How to complete this task. Please restate every record below word for word.

(Exercise material Opens)

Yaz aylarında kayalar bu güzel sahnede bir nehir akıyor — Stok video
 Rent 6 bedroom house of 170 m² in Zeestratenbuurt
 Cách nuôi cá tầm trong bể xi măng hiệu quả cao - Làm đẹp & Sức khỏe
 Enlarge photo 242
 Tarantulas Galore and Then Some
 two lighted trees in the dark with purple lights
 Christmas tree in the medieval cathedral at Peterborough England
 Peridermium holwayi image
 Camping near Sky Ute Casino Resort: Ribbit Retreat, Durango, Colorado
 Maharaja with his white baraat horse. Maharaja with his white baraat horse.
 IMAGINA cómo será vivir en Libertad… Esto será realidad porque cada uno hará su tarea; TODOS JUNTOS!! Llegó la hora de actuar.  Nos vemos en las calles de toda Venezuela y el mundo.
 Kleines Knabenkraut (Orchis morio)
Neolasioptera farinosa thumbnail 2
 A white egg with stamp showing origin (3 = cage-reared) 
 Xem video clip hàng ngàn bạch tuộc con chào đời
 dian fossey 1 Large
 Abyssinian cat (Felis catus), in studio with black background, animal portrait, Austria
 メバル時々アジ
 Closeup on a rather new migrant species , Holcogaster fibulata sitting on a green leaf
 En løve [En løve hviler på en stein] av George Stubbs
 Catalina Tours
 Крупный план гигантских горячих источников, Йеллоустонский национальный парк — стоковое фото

(Exercise material Closes)

Answer section.
Yaz aylarında kayalar bu güzel sahnede bir nehir akıyor — Stok video
 Rent 6 bedroom house of 170 m² in Zeestratenbuurt
 Cách nuôi cá tầm trong bể xi măng hiệu quả cao - Làm đẹp & Sức khỏe
 Enlarge photo 242
 Tarantulas Galore and Then Some
 two lighted trees in the dark with purple lights
 Christmas tree in the medieval cathedral at Peterborough England
 Peridermium holwayi image
 Camping near Sky Ute Casino Resort: Ribbit Retreat, Durango, Colorado
 Maharaja with his white baraat horse. Maharaja with his white baraat horse.
 IMAGINA cómo será vivir en Libertad… Esto será realidad porque cada uno hará su tarea; TODOS JUNTOS!! Llegó la hora de actuar.  Nos vemos en las calles de toda Venezuela y el mundo.
 Kleines Knabenkraut (Orchis morio)
Neolasioptera farinosa thumbnail 2
 A white egg with stamp showing origin (3 = cage-reared) 
 Xem video clip hàng ngàn bạch tuộc con chào đời
 dian fossey 1 Large
 Abyssinian cat (Felis catus), in studio with black background, animal portrait, Austria
 メバル時々アジ
 Closeup on a rather new migrant species , Holcogaster fibulata sitting on a green leaf
 En løve [En løve hviler på en stein] av George Stubbs
 Catalina Tours
 Крупный план гигантских горячих источников, Йеллоустонский национальный парк — стоковое фото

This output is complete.